▶ Task prompt
Copy, exactly and without additions, every line in the records below from the one holding "8 20 37 26 19" through the one holding "1 5 19 4 15", both ends included.

-------------------------

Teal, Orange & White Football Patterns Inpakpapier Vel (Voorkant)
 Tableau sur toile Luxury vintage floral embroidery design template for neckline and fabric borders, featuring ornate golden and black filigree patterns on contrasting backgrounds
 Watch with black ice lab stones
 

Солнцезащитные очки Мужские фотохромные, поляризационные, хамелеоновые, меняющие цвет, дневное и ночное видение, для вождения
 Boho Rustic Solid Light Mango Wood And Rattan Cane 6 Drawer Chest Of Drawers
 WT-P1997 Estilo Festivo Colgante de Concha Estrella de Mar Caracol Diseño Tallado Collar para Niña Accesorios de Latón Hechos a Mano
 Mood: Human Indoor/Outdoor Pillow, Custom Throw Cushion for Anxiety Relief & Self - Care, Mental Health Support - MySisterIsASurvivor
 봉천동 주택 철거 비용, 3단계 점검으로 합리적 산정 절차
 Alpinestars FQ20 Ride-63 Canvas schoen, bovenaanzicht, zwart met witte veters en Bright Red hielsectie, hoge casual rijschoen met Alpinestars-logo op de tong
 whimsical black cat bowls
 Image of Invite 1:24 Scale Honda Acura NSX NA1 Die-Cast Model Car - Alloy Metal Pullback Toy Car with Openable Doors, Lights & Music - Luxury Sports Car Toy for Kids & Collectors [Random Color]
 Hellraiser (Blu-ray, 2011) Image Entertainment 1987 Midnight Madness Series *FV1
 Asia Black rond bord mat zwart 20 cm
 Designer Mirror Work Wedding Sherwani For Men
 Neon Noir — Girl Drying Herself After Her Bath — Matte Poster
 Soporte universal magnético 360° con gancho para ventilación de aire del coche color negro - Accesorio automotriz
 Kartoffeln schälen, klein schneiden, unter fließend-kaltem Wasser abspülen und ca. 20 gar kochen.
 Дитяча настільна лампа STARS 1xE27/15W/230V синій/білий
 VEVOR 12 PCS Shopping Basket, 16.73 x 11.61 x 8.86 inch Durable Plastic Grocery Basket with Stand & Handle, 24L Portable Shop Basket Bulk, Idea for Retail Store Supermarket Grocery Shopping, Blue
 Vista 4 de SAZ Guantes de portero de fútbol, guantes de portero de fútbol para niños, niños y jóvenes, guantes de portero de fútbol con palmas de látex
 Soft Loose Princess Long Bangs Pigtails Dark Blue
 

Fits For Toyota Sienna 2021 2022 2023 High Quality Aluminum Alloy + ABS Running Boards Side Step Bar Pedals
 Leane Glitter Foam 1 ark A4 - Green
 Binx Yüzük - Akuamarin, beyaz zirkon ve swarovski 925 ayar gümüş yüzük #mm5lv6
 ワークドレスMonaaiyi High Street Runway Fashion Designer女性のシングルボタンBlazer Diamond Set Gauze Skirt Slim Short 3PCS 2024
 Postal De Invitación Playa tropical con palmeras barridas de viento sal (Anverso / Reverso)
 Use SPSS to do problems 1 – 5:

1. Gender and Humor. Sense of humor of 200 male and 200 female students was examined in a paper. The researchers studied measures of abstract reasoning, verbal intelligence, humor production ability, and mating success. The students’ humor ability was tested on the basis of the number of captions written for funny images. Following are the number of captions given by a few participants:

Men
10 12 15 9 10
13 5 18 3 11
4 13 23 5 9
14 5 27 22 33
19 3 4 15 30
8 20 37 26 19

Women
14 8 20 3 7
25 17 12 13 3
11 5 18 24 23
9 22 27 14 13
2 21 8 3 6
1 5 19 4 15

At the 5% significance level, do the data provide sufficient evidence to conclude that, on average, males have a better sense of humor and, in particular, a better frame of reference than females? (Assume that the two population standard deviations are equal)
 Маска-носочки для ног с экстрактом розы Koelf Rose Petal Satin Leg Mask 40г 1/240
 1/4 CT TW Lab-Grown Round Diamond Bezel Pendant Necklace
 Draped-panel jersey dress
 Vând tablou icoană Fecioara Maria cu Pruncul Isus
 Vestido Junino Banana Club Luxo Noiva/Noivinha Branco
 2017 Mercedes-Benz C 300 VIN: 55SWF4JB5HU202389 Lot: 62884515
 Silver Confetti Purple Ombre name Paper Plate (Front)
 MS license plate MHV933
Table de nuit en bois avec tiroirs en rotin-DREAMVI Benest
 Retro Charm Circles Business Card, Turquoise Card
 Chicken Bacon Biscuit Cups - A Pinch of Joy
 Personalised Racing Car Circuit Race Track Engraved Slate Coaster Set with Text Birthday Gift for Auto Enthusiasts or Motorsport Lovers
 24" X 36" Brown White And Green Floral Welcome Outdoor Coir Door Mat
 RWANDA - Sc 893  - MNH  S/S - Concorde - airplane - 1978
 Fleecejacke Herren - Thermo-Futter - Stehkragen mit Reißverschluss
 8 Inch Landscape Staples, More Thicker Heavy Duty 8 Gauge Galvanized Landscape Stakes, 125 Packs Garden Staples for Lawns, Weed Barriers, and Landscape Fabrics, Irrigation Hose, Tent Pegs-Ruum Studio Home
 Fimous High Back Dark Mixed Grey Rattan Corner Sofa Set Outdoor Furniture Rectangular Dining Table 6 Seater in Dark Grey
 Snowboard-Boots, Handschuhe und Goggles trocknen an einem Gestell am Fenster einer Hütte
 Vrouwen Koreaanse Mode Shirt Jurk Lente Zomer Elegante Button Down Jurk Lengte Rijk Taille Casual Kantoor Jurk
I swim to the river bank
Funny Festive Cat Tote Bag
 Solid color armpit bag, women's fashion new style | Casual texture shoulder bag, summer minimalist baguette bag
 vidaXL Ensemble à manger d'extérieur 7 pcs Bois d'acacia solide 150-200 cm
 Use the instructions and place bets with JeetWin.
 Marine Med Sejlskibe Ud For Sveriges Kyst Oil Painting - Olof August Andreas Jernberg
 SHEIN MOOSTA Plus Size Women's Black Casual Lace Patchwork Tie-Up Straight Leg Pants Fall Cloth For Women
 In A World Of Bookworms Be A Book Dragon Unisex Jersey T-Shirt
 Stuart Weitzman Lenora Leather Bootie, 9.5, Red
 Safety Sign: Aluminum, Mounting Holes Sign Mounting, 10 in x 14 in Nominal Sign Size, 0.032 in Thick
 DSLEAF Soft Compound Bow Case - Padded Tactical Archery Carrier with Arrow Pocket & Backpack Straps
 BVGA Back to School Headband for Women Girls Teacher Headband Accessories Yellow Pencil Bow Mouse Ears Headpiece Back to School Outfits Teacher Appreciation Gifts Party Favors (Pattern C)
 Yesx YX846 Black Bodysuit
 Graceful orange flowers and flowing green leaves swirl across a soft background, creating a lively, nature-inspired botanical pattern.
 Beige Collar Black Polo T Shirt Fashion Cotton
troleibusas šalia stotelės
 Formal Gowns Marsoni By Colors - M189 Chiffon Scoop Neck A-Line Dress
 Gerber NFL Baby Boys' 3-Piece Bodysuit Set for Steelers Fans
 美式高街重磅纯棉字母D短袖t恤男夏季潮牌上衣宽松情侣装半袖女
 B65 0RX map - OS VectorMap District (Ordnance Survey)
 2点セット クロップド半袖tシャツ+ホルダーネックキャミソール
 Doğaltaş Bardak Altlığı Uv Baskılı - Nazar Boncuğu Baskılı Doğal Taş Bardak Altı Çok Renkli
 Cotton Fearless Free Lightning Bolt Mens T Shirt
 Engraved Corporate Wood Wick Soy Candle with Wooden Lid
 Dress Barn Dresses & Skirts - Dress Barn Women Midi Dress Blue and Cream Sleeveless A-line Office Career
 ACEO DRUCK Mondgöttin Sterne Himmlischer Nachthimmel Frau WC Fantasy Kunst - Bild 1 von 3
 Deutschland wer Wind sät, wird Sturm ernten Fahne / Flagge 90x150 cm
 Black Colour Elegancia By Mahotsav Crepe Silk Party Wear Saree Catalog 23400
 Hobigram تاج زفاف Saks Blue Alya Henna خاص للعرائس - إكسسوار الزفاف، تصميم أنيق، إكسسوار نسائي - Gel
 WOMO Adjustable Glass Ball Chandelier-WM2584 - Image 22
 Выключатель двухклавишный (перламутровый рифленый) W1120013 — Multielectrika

-------------------------

▶ Written response
8 20 37 26 19

Women
14 8 20 3 7
25 17 12 13 3
11 5 18 24 23
9 22 27 14 13
2 21 8 3 6
1 5 19 4 15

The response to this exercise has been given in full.